A small number of universities, such as Oxford and Cambridge, are totally transparent about their admissions statistics, and publish them online, broken down by course, school type, gender, ethnicity, and so on. Others, such as Durham, also supply plenty of statistics but in rather less user-friendly format. Many universities, however, either don’t provide such information, or make it very difficult to find. For Manchester University, for example, after much digging around I found a document on widening participation that includes some interesting information and statistics, but nowhere could I find information on the applicants to places ratio by department. The most illuminating data I could find on Manchester’s admissions statistics came from a Freedom of Information request.

Some universities include admissions statistics of one type or another on individual course pages or in their prospectuses, but it’s a bit hit and miss to say the least.

If you do find the applicants to places ratio of a chosen university or individual course, what does it tell you? Most people would assume that the higher the ratio of applicants to places, the harder it is to get in, and the more popular the course is. However, there are other factors that need to be taken into account.

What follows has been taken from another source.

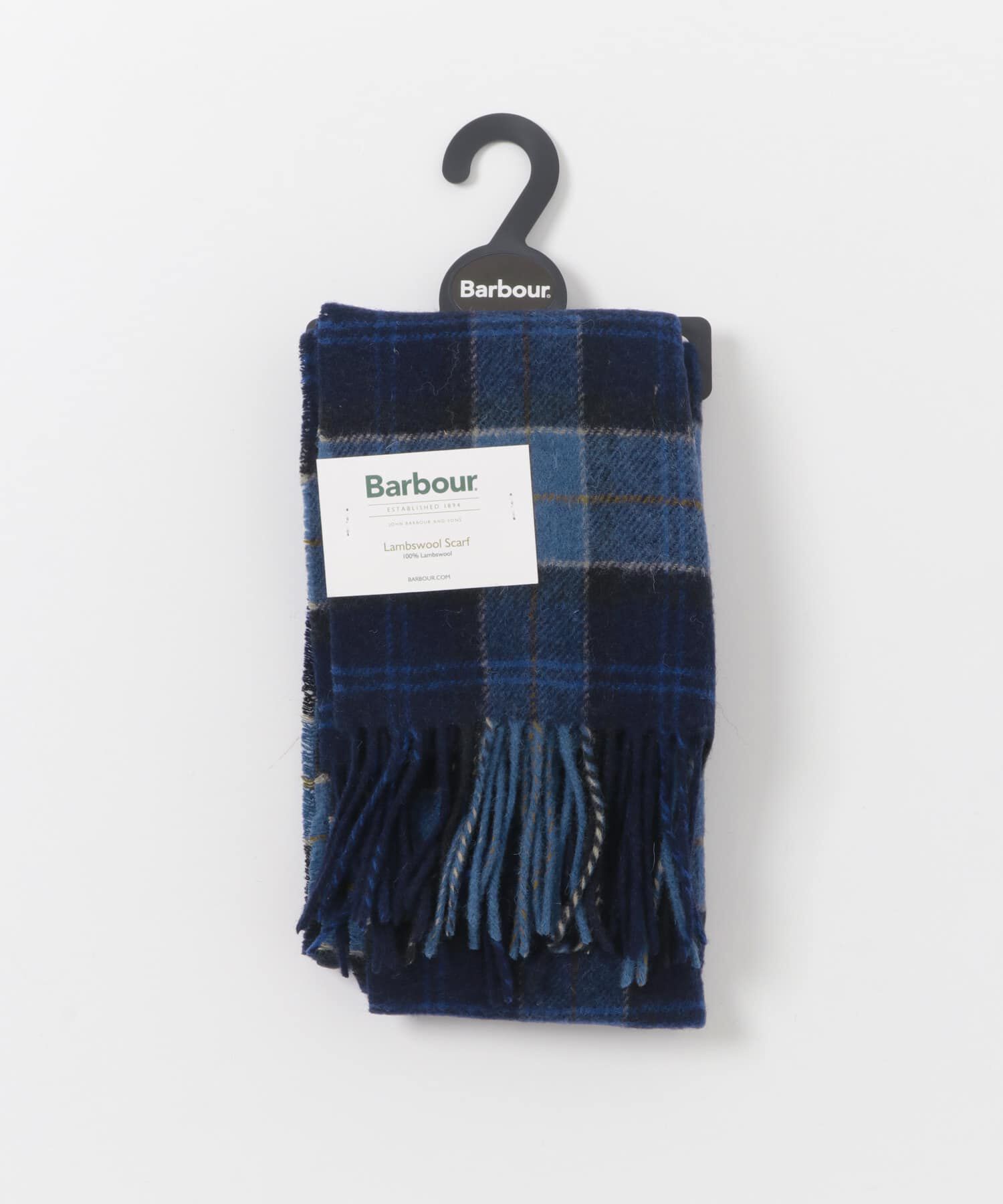 URBAN RESEARCH DOORS「Barbour　TARTAN LAMBSWOOL SCARF」|マフラー|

For example if you look at the overall figure for Cambridge the number of applicants per place is about 4, whereas further east at the University of East Anglia it is 5.4 (as reported by the rather entertaining Push university guide). Does this mean that UAE is more ‘competitive’ than Cambridge? The answer, fairly obviously, is no unless we take a very narrow and unusual definition of competitive. The pool of applicants for a university is to some degree self-selecting. People know that Cambridge has very high entry requirements and a competitive selection process, so that reduces the number of people who decide to apply in the first place compared to other universities.

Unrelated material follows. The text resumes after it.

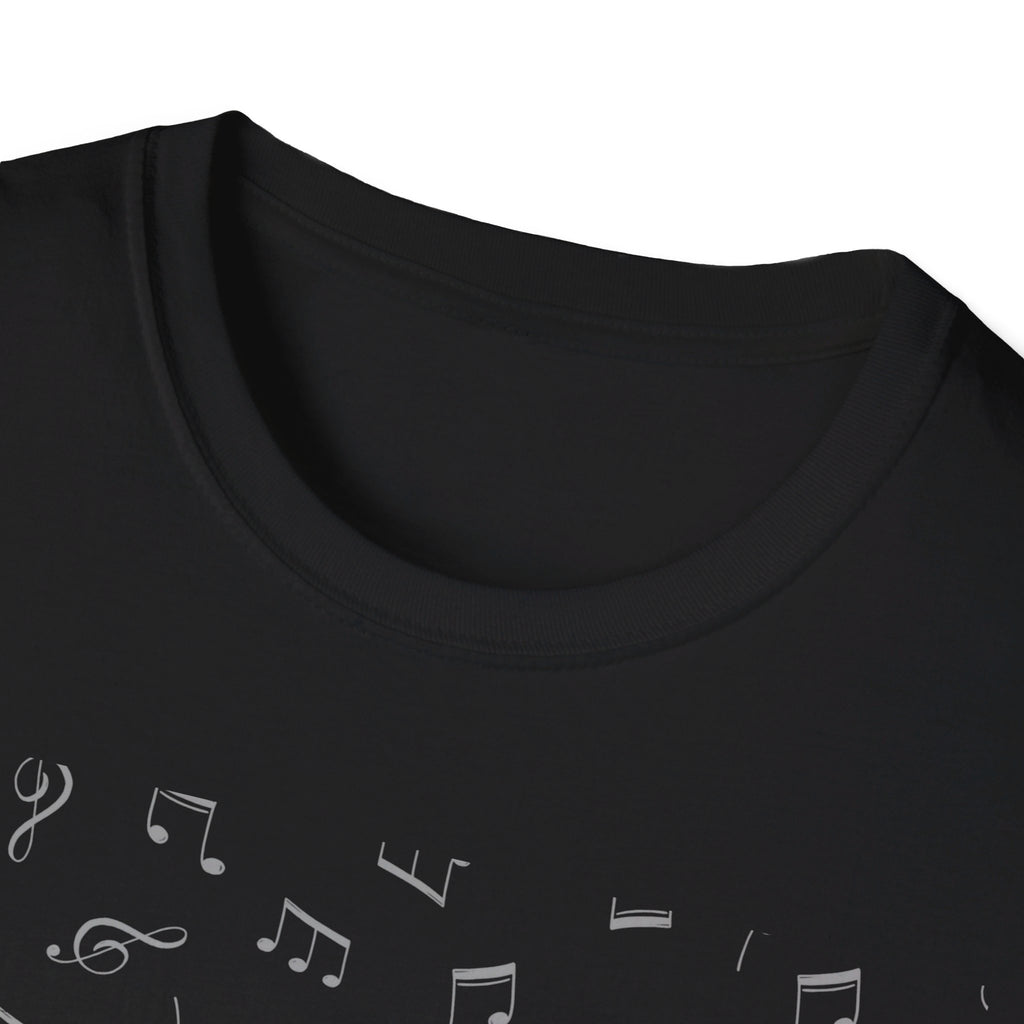 Unisex Softstyle T-Shirt - Music Soothes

Even so, you might think that the self-selection factor evens things out so that 5.4 may look like pretty poor odds, and that if you’re the type of person who’s likely to apply to UAE, you have less chance of getting in than the type of person who applies to Cambridge has of getting in there. But remember there are other factors in the equation, too. If everyone just made one application it might be straightforward enough, but most people make five applications through UCAS. Some will receive five offers, and reject four of them: they are rejecting the universities – not the universities rejecting them – but still, the offers were made and appear in the statistics). Others will receive no offers, and fail to get a place at all. The overwhelming majority will be somewhere in between: being rejected by some universities, rejecting others, and eventually taking up one available place. Consequently most universities have to make significantly more offers than they have places available to account for people accepting one of their other offers instead, and to ensure they don’t have unfilled places, but they have to make sure they don’t make too many offers so that they end up over-subscribed.

What would be at least as interesting as simple applicants to places information, therefore, is the ratio of offers made to places available. For Cambridge it works out at about 1.2 – because almost everyone who is offered a place meets the entry requirements and takes up the place. However, for most universities, finding that information is very difficult.

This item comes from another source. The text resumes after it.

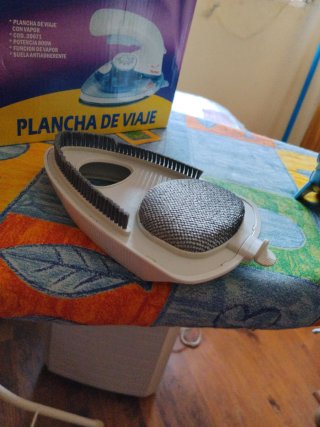Plancha de viaje Raydan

There is a mass of statistical information available on the UCAS website, but accessing it in an easy to interpret form is not for the faint-hearted. If any statisticians out there can help a clueless English teacher out with this, I’d be delighted to hear from you!

Your best bet, if you’re interested in admissions data for a particular course at a particular university (and you should be!) is probably to ask them direct. The worst that can happen is that you get no response or are told the information is unavailable, but the very process of engaging with universities may well  yield some potentially interesting insights into how helpful (or otherwise) they are likely to be if you end up studying with them.